Mexico–Oman relations are the diplomatic relations between the Mexico and Oman. Both nations are members of the United Nations. Neither country has a resident ambassador.

History
Both nations established diplomatic relations on 31 July 1975. Since the establishment of diplomatic relations, relations between both nations have been maintained mainly through international organizations such as at the United Nations. In 1986, Mexico opened an honorary consulate in Muscat. In February 2008, Mexican Director General for Africa and the Middle East, Ana Luisa Fajer, visited Oman and held meetings with the Secretary General of the Omani Foreign Ministry. Director Fajer also met with members of the Mexican community resident in Oman.

In October 2012, Mexican Foreign Undersecretary, Lourdes Aranda Bezaury, traveled to Oman and met with her counterpart, Ahmed Bin Yousuf Obaid Al-Harthi, where they held the first meeting of bilateral relations between both nations. Foreign Undersecretary Aranda expressed to her counterpart the interest of the Mexican government to strengthen political dialogue with Oman. In February 2013, Foreign Undersecretary Aranda, paid a second visit to Oman with the aim of promoting the candidacy of Dr. Herminio Blanco Mendoza to the post of Director-General of the World Trade Organization.

In February 2013, Oman and Mexico worked together in the development of an encyclopedia on the mango tree. Oman included Mexico in a technical-scientific project on the different types of mango, which has generated extensive cooperation between the governmental institutions of both countries.

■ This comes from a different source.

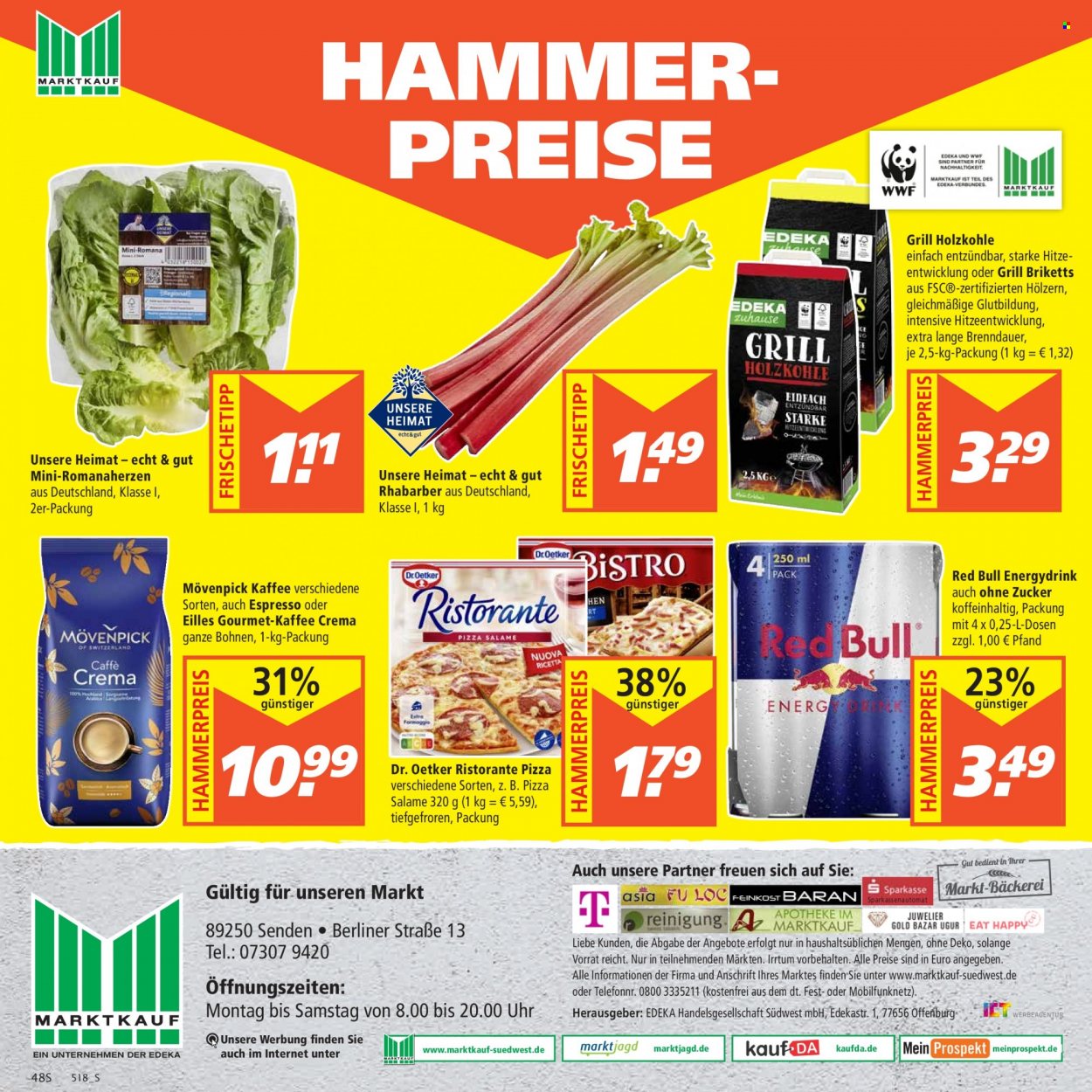 Marktkauf Prospekte  - 25.04.2022 - 30.04.2022. Seite 48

Scientists from the Royal Court of Sultan visited the Mexican states of Chiapas and Nayarit to conduct field research activities.

High-level visits
High-level visits from Mexico to Oman
 Director General for Africa and Middle East Ana Luisa Fajer (2008)
 Foreign Undersecretary Lourdes Aranda Bezaury (2012, 2013)

Agreements
Both nations signed a Memorandum of Understanding on the Establishment of a Common Interest Consultation Mechanism between the Mexican Secretariat of Foreign Affairs and the Omani Ministry of Foreign Affairs (2012). Currently, a Memorandum of Understanding for the Suppression of Visas for Diplomatic, Official, Special and Service Passport Holders and an Agreement to Avoid Double Taxation and Prevent Tax Evasion are currently being negotiated.

Trade
In 2019, trade between both nations totaled US$44 million. Mexico's main exports to Oman include: vehicles for the transport of goods, hot rolled tubes and control units or adapters. Oman's main exports to Mexico include: brake, urea and marble mechanisms.

Diplomatic missions
 Mexico is accredited to Oman from its embassy in Riyadh, Saudi Arabia and maintains an honorary consulate in Muscat.
 Oman is accredited to Mexico from its embassy in Washington, D.C., United States and maintains an honorary consulate in Mexico City.